SUPPLIED MATERIAL: Begin
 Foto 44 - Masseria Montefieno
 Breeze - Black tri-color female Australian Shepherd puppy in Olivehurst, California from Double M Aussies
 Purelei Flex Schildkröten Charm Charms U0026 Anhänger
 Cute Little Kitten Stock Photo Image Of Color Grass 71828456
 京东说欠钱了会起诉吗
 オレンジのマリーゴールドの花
SUPPLIED MATERIAL: End
SUPPLIED MATERIAL: Begin
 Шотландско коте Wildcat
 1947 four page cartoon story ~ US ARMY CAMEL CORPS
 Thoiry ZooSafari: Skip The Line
SUPPLIED MATERIAL: End
> PROBLEM STATEMENT: The expected answer is an exact copy of the lines above, beginning at the line with "Шотландско коте Wildcat" and ending at the line with "Thoiry ZooSafari: Skip The Line", with both ends in.

> RESULT OF THIS EXERCISE:
 Шотландско коте Wildcat
 1947 four page cartoon story ~ US ARMY CAMEL CORPS
 Thoiry ZooSafari: Skip The Line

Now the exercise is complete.